A mais doce
das reacionárias
O escritor e biógrafo
Lira Neto relembra entrevista
de 1992 com Rachel de Queiroz
Ainda jovem repórter,
Lira Neto reconta o encontro com Rachel de Queiroz em 1992
Eu começara a trabalhar
no jornal havia dois anos. Naquela manhã, recebera a pauta, de meu editor
Ricardo Jorge, com um misto de euforia e apreensão. Havia sido escalado para
entrevistar Rachel de Queiroz, então prestes a lançar o que viria a ser seu
último romance. O entusiasmo só não era maior do que a consciência da
responsabilidade.
Para mim, Rachel era
entidade quase mítica. Lera seus livros desde os tempos de menino.
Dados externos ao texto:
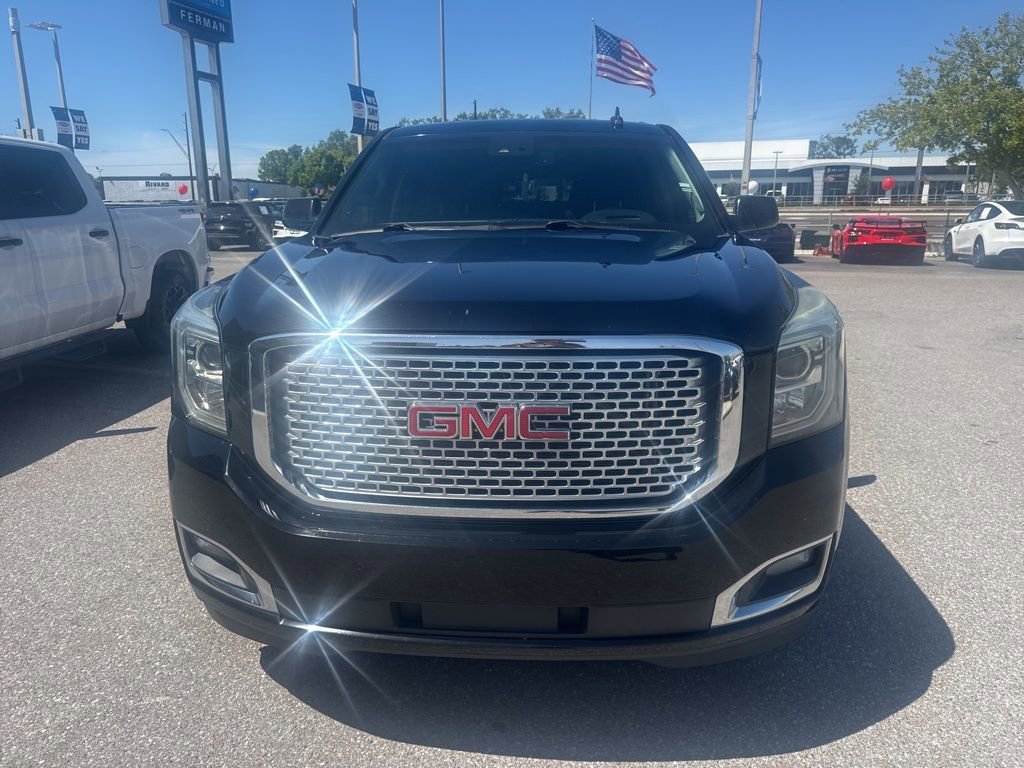 Used 2016 GMC Yukon XL Denali w/ Open Road Package RWD image 3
Alguns por
exigência escolar, outros, por opção de jovem leitor que cedo mergulhara nos
mistérios da literatura. Primeira mulher a entrar na Academia Brasileira de
Letras, dona de vasta obra, Rachel também me chamava a atenção pelas posições
políticas, historicamente oscilantes entre o comunismo inicial e o posterior
apoio ao governo ditatorial pós-64.
Dividido entre a
excitação de repórter novato e a gravidade do encargo, fui ao seu encontro,
companhado de Fernando Sá, fotógrafo que compunha a extraordinária equipe do
Vida&Arte. Ela nos recebeu em um apartamento na Praia do Futuro. Trajava
vestido azul-claro de bolinhas brancas e usava colar de pérolas pequeninas,
combinação que adotara quase como marca registrada. Ofereceu-nos café, tapioca
e bolo de laranja.
Saí da conversa
encantado com Rachel. Ao invés do monstro sagrado da literatura, conheci uma
mulher acessível, bem-humorada, sarcástica consigo mesmo. Embora, na ocasião,
tenha se definido como incorrigível "anarquista", passei a tratá-la
como "a mais doce das reacionárias".
Até hoje guardo a foto
daquele encontro. Rachel se foi. Minha barba ficou grisalha, meus cabelos
rarearam. Mas, duas décadas e meia depois, suas palavras relativas ao Brasil da
época revestem-se de incômoda atualidade. "Sou uma pessoa pessimista e
nunca espero pelo melhor", disse-me.
Eu também, Rachel, eu também.
Lira Neto foi jornalista do Vida&Arte e é autor de
livros, como Getúlio e Uma história do samba.